HAMILTON COUNTY, TN (WRCB) -- Hamilton County Sheriff's investigators say the husband of Corrections officer Lori Pickett doesn't want her charged with assaulting him.

Pickett is accused of attacking court officer Jim Pickett, on February 18, in a confrontation over an alleged love affair.

But her fate isn't in the hands of the alleged victim.

"In a domestic violence situation, the State makes the choice to pursue the prosecution," says Chief Deputy Allen Branum. "If an offense is alleged, we are bound by law to investigate it."

That also is why Pickett faces an investigation the Sheriff's Department's Division of Internal Affairs.

It's at least her third such investigation since becoming a Hamilton County employee in 1988.

Pickett began as a dispatcher, winning a commendation for helping save valuable equipment when the 911 Center flooded in 1992.

She became the only woman to serve in the Patrol Division in 1994. By 1998, her performance was such that her supervisor lauded her dedication for "refuting the notion that women cannot make good police officers."

Pickett won one commendation that year for aiding in a 15-hour trench rescue, two more in 2000 for discovering a meth lab and leadership in investigating a stolen car, and still another in 2001 for helping identify a burglary suspect.

But an Eyewitness News review of her personnel file also uncovers problems.

Eight years ago, Pickett was suspended for 30 days for conduct unbecoming an officer, and for not telling the truth. The file does not detail the specific allegations that led to that finding.

"I've not personally looked at em," Chief Branum says.

In 2004, Pickett received a written reprimand for taking a number of sick days, and for calling off work just as her shifts were to begin.

By 2005, the behavior was so chronic that her supervisor asked his superior to transfer her.

"(Her) actions manipulate our team and put our officers at risk each time she calls in" wrote Sgt. Mark Hooper. "Her actions cause animosity among my officers. I no longer feel she is a team player."

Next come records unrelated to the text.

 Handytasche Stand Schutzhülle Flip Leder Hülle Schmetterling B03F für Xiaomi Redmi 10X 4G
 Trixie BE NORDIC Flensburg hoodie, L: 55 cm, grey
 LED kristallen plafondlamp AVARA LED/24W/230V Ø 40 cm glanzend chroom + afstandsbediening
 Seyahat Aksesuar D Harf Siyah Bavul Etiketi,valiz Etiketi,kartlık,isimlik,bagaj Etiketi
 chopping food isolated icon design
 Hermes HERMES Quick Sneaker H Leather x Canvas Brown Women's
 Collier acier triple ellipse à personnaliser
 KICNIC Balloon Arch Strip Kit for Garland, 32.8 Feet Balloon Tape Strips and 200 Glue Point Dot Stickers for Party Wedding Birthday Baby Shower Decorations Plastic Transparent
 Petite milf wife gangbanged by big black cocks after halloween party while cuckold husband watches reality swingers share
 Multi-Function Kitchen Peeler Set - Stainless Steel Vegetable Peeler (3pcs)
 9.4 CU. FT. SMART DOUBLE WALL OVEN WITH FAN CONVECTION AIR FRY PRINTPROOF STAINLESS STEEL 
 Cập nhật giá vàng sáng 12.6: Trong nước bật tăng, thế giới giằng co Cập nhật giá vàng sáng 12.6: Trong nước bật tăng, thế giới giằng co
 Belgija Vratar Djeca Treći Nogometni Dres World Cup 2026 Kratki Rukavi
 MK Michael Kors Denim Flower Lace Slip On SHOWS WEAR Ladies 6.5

Pickett's annual reviews reflect a growing dissatisfaction with her job performance. Graded on a 5-point scale (5 being the highest), Pickett was judged a 2.75 in 2010, 3.1 in 2009, and 2.9 in 2007 and 2008.

Prior to the 30-day suspension, Pickett had been rated 4.3 in 2002.

Sheriff's supervisors transferred Pickett from Patrol into Corrections in 2010. She became an administrator, tracking sex offenders.

Since her arrest February 18, Pickett is being treated as if she were a civilian employee, Chief Branum says. She does not carry a weapon, nor does she have arrest powers.

She's due back in court March 28. Chief Branum won't speculate as to what might happen to her law enforcement career, regardless of how her criminal charges are adjudicated.

"We all at some point in our lives make bad decisions." he says. "This very well could just be a case of poor judgment. That's why we've got this investigation to sort it out."